Postgresql – Function that returns table with an additional column

datatypesfunctionspostgresqlset-returning-functionsview

I want to write a PostgreSQL function that returns a table, plus an additional column. Is there a way to do this without manually specifying RETURNS TABLE (col1 type, col2 type, ...)?

For example, consider the following function:

CREATE FUNCTION get_users_with_most_videos_since_time(ts TIMESTAMPTZ)
  RETURNS SETOF "user" AS $$
    SELECT
      u.*,
      count(v.id) AS vids_since

    FROM "user" AS u
    INNER JOIN "video" AS v ON v.creator_id = u.id
    WHERE v.created_at > ts

    GROUP BY u.id
    ORDER BY vids_since DESC;
$$ LANGUAGE SQL;

This fails with the error:

ERROR:  return type mismatch in function declared to return "user"
DETAIL:  Final statement returns too many columns.

Fair enough, we're including that vids_since column, which doesn't exist in the "user" table.

So to fix this I'd want to change it to something like:

CREATE FUNCTION get_users_with_most_videos_since_time(ts TIMESTAMPTZ)
  RETURNS 
    TABLE (<<< all columns from table "user" >>>, vids_since BIGINT) 
  AS $$
    ...

Is there a way to do this without having to re-copy the entire schema of the "user" table here?

Best Answer

AIUI, your wish is to shorten the RETURNS clause of the function. Not sure if you want to establish a dependency on the row type of the table at the same time, but that would make sense here, too.

The form RETURNS SETOFrettype relies on the used type to be stored in the system catalogs. The manual:

The return type can be a base, composite, or domain type, or can reference the type of a table column.

Therefore, just register the row type you desire in the system (once). You can explicitly create a composite type with CREATE TYPE. Or you can do it implicitly by creating another table, view or materialized view. Even just a temporary view or table for a temporary function (dying at the end of the session). Like @Abelisto commented:

CREATE VIEW user_plus AS 
SELECT *, null::bigint AS vids_since
FROM   "user"
WHERE  false;

However, SELECT * is resolved to the list of columns at creation time of the view ("early binding"). If you later add a column to the underlying table, the view and its row type are not updated and you get another type mismatch when executing the function. Trying to delete a column form the underlying table will complain about the column in the view that depends on it, though. And you have to change the view - and the function.

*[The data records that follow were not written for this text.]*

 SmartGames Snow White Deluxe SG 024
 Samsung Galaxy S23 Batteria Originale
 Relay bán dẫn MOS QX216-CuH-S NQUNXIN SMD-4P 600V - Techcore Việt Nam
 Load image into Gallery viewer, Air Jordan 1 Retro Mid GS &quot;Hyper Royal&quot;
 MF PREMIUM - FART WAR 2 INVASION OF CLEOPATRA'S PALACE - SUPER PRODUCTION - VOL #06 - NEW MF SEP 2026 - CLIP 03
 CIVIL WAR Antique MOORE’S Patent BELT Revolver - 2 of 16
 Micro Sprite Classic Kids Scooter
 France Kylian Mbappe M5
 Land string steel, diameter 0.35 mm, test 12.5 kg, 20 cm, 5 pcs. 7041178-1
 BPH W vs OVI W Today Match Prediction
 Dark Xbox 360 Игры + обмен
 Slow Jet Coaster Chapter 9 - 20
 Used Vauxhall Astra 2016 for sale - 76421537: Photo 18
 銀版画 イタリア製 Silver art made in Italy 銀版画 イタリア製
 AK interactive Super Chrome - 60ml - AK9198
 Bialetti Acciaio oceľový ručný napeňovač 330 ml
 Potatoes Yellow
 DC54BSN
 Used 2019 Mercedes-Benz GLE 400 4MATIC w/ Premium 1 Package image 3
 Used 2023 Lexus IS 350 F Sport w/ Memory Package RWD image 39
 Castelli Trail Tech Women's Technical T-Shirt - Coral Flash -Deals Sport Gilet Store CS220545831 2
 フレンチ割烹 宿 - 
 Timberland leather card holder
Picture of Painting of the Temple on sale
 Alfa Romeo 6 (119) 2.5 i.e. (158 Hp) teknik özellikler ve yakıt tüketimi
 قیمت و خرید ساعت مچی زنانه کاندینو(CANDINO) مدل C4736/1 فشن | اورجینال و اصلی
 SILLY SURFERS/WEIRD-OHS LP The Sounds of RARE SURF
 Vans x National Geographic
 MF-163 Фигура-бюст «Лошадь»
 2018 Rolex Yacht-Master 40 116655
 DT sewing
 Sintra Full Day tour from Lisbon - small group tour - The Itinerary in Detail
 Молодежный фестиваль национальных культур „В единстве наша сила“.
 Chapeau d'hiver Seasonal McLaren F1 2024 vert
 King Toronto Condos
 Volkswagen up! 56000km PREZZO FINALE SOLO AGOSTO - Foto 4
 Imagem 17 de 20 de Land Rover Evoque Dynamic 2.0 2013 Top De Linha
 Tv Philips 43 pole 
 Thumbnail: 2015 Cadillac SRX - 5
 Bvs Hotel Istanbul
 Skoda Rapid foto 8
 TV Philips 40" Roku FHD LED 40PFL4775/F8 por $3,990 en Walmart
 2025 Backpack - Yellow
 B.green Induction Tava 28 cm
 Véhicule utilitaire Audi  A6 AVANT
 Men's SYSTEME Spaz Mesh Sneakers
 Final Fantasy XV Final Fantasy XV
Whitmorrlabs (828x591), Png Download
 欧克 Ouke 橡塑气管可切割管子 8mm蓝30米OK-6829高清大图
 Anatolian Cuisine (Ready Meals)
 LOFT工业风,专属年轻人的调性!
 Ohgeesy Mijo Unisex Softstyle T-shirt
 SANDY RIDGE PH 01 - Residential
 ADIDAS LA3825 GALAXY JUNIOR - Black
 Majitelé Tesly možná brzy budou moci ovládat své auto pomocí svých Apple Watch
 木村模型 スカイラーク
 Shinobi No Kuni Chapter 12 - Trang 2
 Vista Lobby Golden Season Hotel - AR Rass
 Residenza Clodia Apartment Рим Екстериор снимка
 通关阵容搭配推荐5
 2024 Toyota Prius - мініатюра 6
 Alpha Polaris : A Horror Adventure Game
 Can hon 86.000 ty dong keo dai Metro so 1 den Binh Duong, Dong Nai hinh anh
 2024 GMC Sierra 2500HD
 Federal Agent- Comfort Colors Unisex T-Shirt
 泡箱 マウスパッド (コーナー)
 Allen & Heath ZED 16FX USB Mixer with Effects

Your function can be simplified and faster, btw:

CREATE FUNCTION get_users_with_most_videos_since_time(_ts timestamptz)
  RETURNS SETOF user_plus AS
$func$
   SELECT *   -- effectively the same as: u.*, v.vids_since
   FROM   "user" AS u
   JOIN  (    -- aggregate *before* you join
      SELECT creator_id AS id, count(*) AS vids_since  -- note the column alias
      FROM   video v
      WHERE  created_at > _ts
      GROUP  BY 1
      ) v USING (id)  -- USING only retains one id column
   ORDER  BY v.vids_since DESC;
$func$  LANGUAGE SQL;

It actually makes sense to have this function. You want to filter by a column that's not in the result. Not possible with a plain VIEW.

Aside: I would discourage using reserved words like user as identifiers. That's a loaded footgun.